Impact fees of $3.50 per additional foot over 230 would be applied to those properties under the proposed changes. That means the owners of a property with 300 feet of sidewalk running along it would pay $395 annually beginning next year.

Calculations provided to the council’s Land Use, Transportation & Infrastructure Committee on Tuesday show those extra impact fees would add up to a combined $12.1 million next year, or 30% of the program’s total $40.1 million in projected first-year revenue.

The new plan is expected to go to the full City Council on Sept. 9 with a final vote set a week later on Sept. 16.

Jill Locantore, executive director of the advocacy organization Denver Streets Partnership, led the successful 2022 campaign that shifted responsibility for sidewalk upkeep from individual property owners to the city. She also chaired the stakeholder committee that spent 10 months working on changes to the program that are now being proposed as amendments.

At Tuesday’s meeting, Locantore said the change to a flat starter rate with additional impact fees for larger properties was meant to eliminate unusually high bills made possible under the original billing structure, which would have calculated all property owners’ costs on a by-the-foot basis. Under that structure, some people on corner lots could have been required to pay hundreds of dollars more per year than their next-door neighbors.

But the committee decided that property characteristics should still be factored in for large residential and commercial lots — those with frontages equivalent to three-quarters of a football field or more. When city officials first floated the idea of pivoting to flat rates in February, the change was only going to apply to residential land, with commercial property owners still being charged by the foot.

Only 4.3% of properties in the city are expected to pay those impact fees. That percentage shrinks to just 1.1% of single-family homes, according to a presentation that Locantore and Nick Williams, the deputy manager of internal and external affairs at the city’s Department of Transportation and Infrastructure, gave Tuesday.

“Importantly, the committee was very concerned about maintaining revenue neutrality so that the fee does actually generate enough funds to build out the network in a timely manner and also to maintain it in a good state of repair going forward,” Locantore said. “So these proposed amendments do exactly that.”

Billing for the sidewalk program will be linked to the city’s existing wastewater billing system, so property owners can expect to be charged in two installments each year.

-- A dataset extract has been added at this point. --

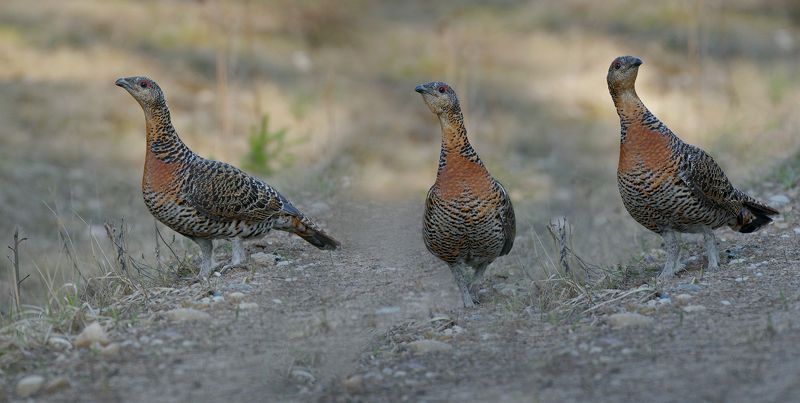 * * * фото превью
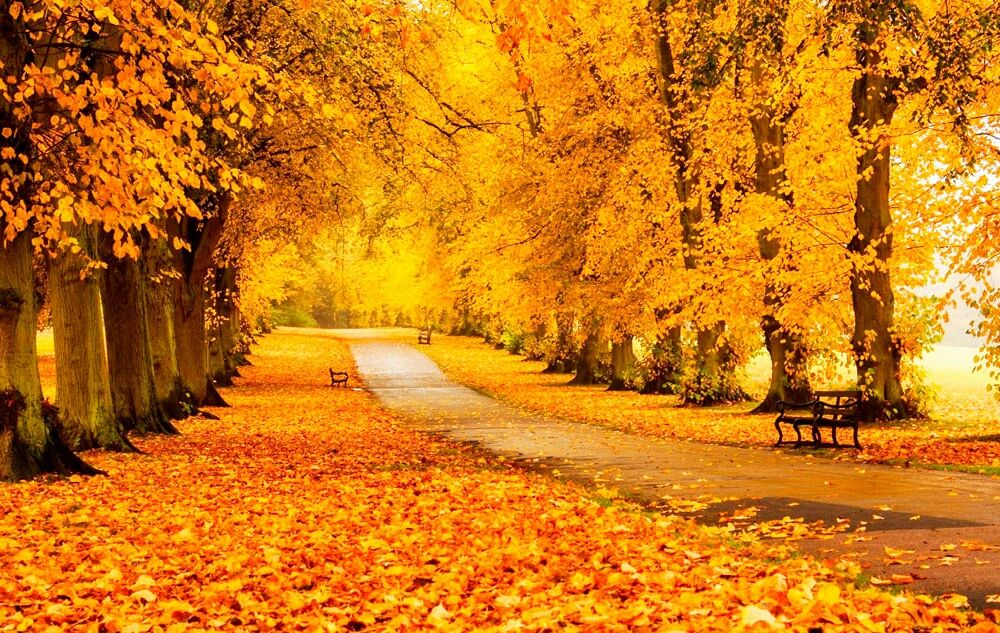 1 вересня в Україну увірветься похолодання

The council has twice paused the launch of billing for the program — a combined delay of a full year — to allow for a stakeholder committee to refine the ordinance language. If the full City Council votes in favor of the package of amendments moving forward, the first bills for sidewalk fees would arrive between January and June.

The land use committee also gave the green light to changes to the program’s rebate program for low-income households. Residents who qualify for discounts to the city’s fee for trash collection based on their household income would be entitled to equivalent discounts to the sidewalk fee. People making 30% of the area median income and below would be exempt from fees entirely. Apartment building owners could also qualify for discounts of 20% if they can demonstrate that 25% of their building is made up of affordable housing.

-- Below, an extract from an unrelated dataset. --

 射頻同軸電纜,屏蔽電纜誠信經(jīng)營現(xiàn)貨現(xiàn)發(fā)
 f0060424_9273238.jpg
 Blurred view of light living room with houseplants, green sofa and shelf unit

The committee additionally approved relaxing the ordinance’s original promise to complete its city-spanning mission “in nine years or as soon thereafter” as deemed feasible by city transportation officials.

Finally, committee members approved a plan that would tie the fees to inflation in future years. Both rising consumer costs and rising costs in the construction industry will be used to determine fee amounts in the years ahead under the proposed amendments.